Retro · methodology study

Zcash Orchard counterfeiting bug

Re-ran our pipeline against the 2021 introducing commit. Honest receipt.

Disclosed: 2026-05-29 · Taylor Hornby (Shielded Labs)
Patched: 2026-06-01 · halo2 commit d8e48efd
Retro target: zcash/halo2 @ cc9dd205 (2021-06-05)
Reviewer stack: claude-opus-4-7 + gpt-5

The bug

On May 29, 2026, Taylor Hornby — security engineer at Shielded Labs, working with a custom audit harness he calls zcash-full-stack-auditor paired with Claude Opus 4.8 — disclosed a critical counterfeiting vulnerability in the Zcash Orchard pool. The defect: in the variable-base scalar-multiplication gadget (ecc::chip::mul), the per-row base coordinates (x_p, y_p) were written with assign_advice instead of copy_advice. The constancy gate (q_mul_2) kept the base constant across rows, but never anchored it to the actual base argument. A prover could supply B' ≠ base and the proof still verified — producing [scalar] B' instead of [scalar] base. Unlimited undetectable counterfeit ZEC.

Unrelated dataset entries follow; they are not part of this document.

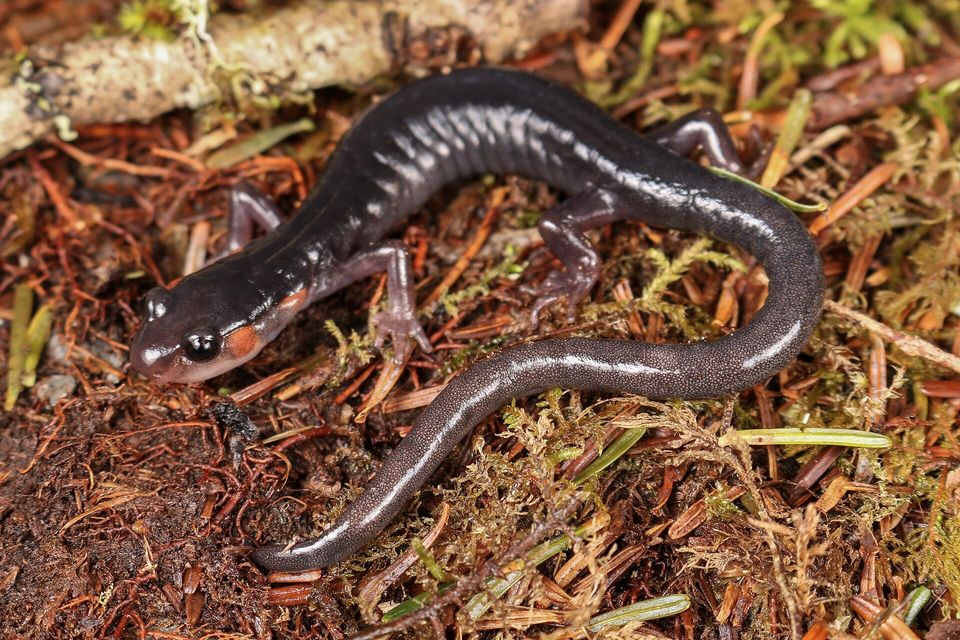 A dark salamander with a red patch on its cheek, crawling over red-brown needles and moss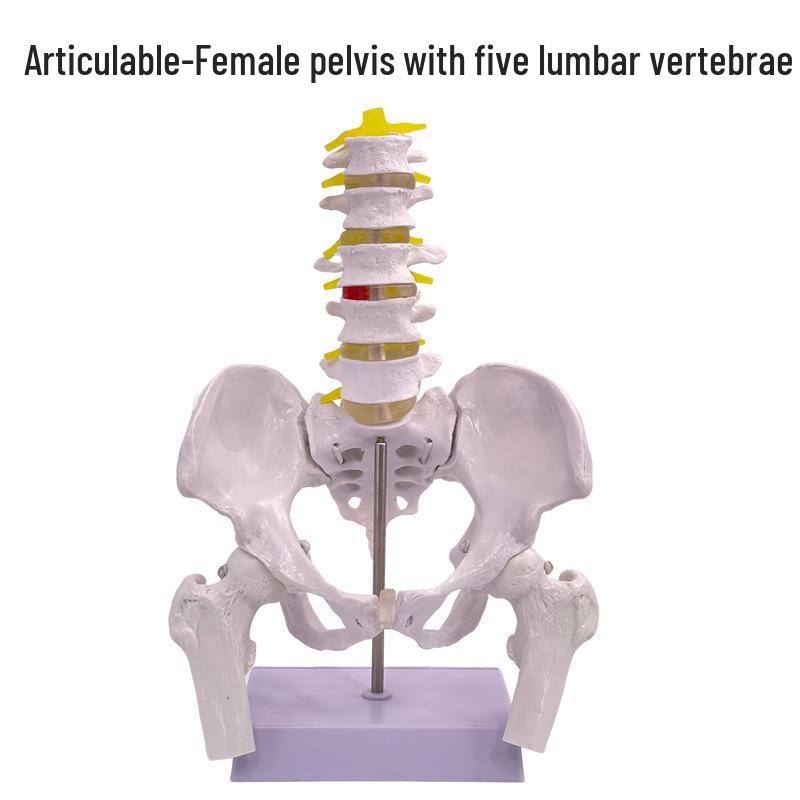 Female Pelvic Muscle and Pelvic Floor Model for Midwifery and Childbirth Education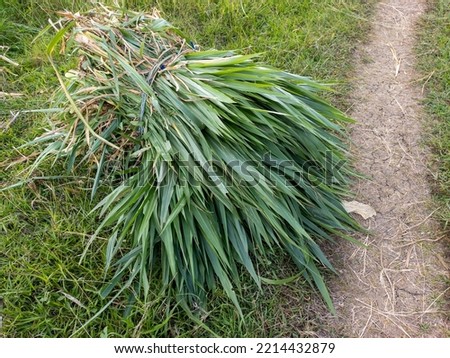 Pennisetum purpureum cv mott grass rolls are commonly used by farmers to feed cattle or goats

The defect was present from Orchard activation in May 2022 until the emergency fix on June 1, 2026. Four years.

The question

Would AntFleet's two-model unanimous review — Claude Opus 4.7 + GPT-5, generalist prompt, the same gate that runs on every PR — have caught Taylor's bug at the original 2021 introducing commit?

And how much closer does a thin halo2-specialist prompt wrapper get us, without a custom audit harness or a model upgrade?

Methodology

Four runs, two prompts × two reviewer stacks. All four had the same files, same providers, same temperature, same gate. The retro target is the original PR that introduced the gadget — cc9dd205 on zcash/halo2, June 5, 2021. Both bug surfaces are present in that commit.

Generalist prompt — the unmodified spike prompt used in production AntFleet review. Asks for findings in eight standard categories (correctness, security, concurrency, etc.). No halo2-specific lens.
Specialist prompt — the generalist prompt prefixed with a ~50-line halo2 context block describing five circuit-soundness defect classes (under-constrained advice cells, constraint-scope gaps, missing chip-boundary anchoring, lookup omission, conditional-gate fallback). Names the class of defect; does not name the specific bug, file, or symbol.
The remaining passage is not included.